======== Information given ========

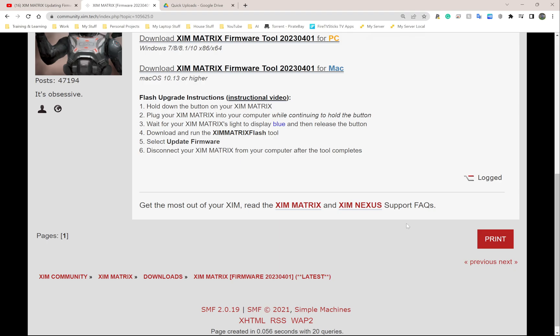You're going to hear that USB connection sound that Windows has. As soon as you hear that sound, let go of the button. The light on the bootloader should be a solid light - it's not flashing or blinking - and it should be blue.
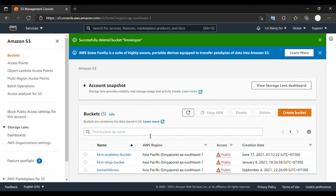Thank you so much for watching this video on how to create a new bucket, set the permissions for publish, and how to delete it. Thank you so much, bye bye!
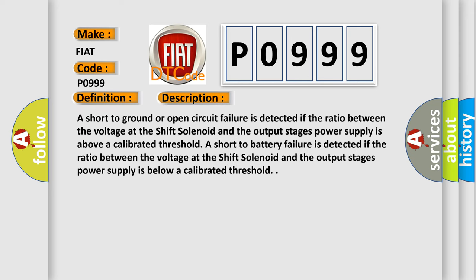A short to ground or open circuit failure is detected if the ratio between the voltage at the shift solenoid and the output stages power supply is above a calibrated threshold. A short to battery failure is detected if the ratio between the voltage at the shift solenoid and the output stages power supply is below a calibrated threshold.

========
======== Information given ========

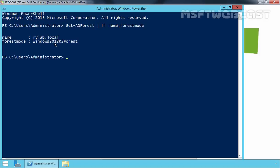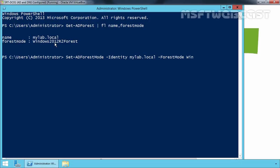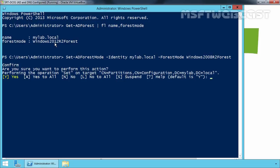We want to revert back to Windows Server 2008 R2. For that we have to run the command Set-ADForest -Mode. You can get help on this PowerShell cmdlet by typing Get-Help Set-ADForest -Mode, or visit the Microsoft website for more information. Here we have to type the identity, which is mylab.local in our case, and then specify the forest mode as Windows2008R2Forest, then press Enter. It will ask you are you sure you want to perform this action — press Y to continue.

========

[Problem description] Copy out exactly the material that runs from the line with "You're going to" to the line with "A short to ground", ends included, and leave the pictures behind.

[Expected answer]
You're going to hear that USB connection sound that Windows has. As soon as you hear that sound, let go of the button. The light on the bootloader should be a solid light - it's not flashing or blinking - and it should be blue.
Thank you so much for watching this video on how to create a new bucket, set the permissions for publish, and how to delete it. Thank you so much, bye bye!
A short to ground or open circuit failure is detected if the ratio between the voltage at the shift solenoid and the output stages power supply is above a calibrated threshold. A short to battery failure is detected if the ratio between the voltage at the shift solenoid and the output stages power supply is below a calibrated threshold.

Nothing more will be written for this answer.